Calvino: trocaste a Glória de Cristo pela insânia de Baceho e é esse o nome de tua linguagem, o teu amor. Calvino: mudaste a pureza de Maria na impudicícia de Vênus, e é por essa que vives, e nessa é que tens a tua mestra, a tua lei, a tua deusa. São esses os ídolos próprios do nome e da mente de tal criatura...” Porque o nome te revela os costumes: para tal vida, tais obras. Calvino: tens o nome do cal e do vinho, o duplo nome da vida que levas (Vieira, 1929:130).

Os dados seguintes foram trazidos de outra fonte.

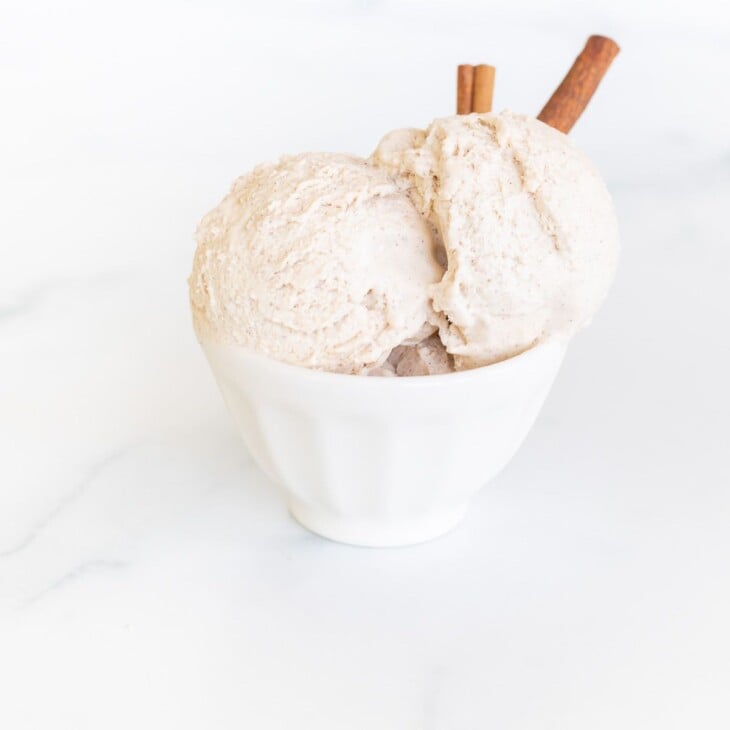 A white bowl full of homemade cinnamon ice cream with a cinnamon stick as garnish on the side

A cólera de Anchieta passa e retoma a laudatória a Maria, alfabeticamente ordenando: Laudes, Virginis ordine alphabetico, emanando dos colóquios e das súplicas. Enfim, transparecem no epílogo minúcias, delicadezas e arte: em primeiro lugar, a dedicatória ao poema – Dedicatio operis; depois, as imaculadas forças marianas; por último, a breve Recomendatio de Anchieta à Virgem Maria que lhe convertera os pensamentos voluptuosos em ritmos sacros:

Hás preces fundo tibi, Virgo Mater.
Quae cares naevo speciosa tota,
Ut mihi intacto tribuas pudicam
Corporae mentem
Amem. (Vieira, op. cit: 132).

Este longo poema é posteriormente depurado e reescrito por José de Anchieta com apuro beneditino, desde o ofertório à dedicatória, no colégio de São Vicente. Este ato dá ao jesuíta – segundo Vieira – a vulnerabilidade aos golpes da contradição no processo da conquista. A poesia de José de Anchieta imersa na devoção católica corre o risco de ser lida como um todo homogêneo, afirma Alfredo Bosi, no livro Dialética da Colonização (1995), tal afirmação nos parece crucial para entender a transposição para o Novo Mundo de padrões de comportamento e de linguagem que trouxeram como conseqüência a atitude representada na poesia de Anchieta que repete o modelo europeu clássico do latim no seu poema à Virgem Maria, sendo refém dos Tamoio nas praias de Iperoig, o missionário sente a necessidade de purificação. Esse mesmo evangelizador aprendeu o tupi para fazer rezar nessa língua seus “conquistados”. A antiga forma literária do catolicismo medieval revigorada na renascença é moldada à situação colonial. Anchieta precisou mudar um código em função de seus destinatários, a nova freguesia demandava uma linguagem própria, entretanto, nisso concordamos com Bosi, Anchieta inventa um imaginário sincrético, uma mistura do discurso católico e a língua tupi, forjando figuras míticas como Karaibebé, profetas que voam, nos quais os nativos identificavam os profetas da Terra sem mal, ou Tupansy, mãe de Tupã, para falar de um atributo de Nossa Senhora. Há neste exercício uma fusão da cultura – reflexa e a cultura – criação que aparece muito clara no poema anteriormente descrito (Bosi, 1995:131).

Portanto, é necessário conhecer em profundidade, o dinamismo peculiar à missão jesuítica no Brasil com todas as suas exigências de fidelidade aos valores gerados na Península durante a Contra – Reforma. A cruz e a espada se unificaram para a disputa do bem comum: o corpo e a alma indígena. A narrativa de José de Anchieta evidencia às vezes o contraste agudo entre a colonização como pré – ação e o apostolado que, no início para ele constituía uma necessidade. Tratava-se de dois projetos diferentes, cujas conciliações foram sempre temporárias e diplomáticas como é o caso da Paz de Iperoig, mas o dinamismo interno levou a um confronto aberto de interesses, onde o único perdedor foi o índio.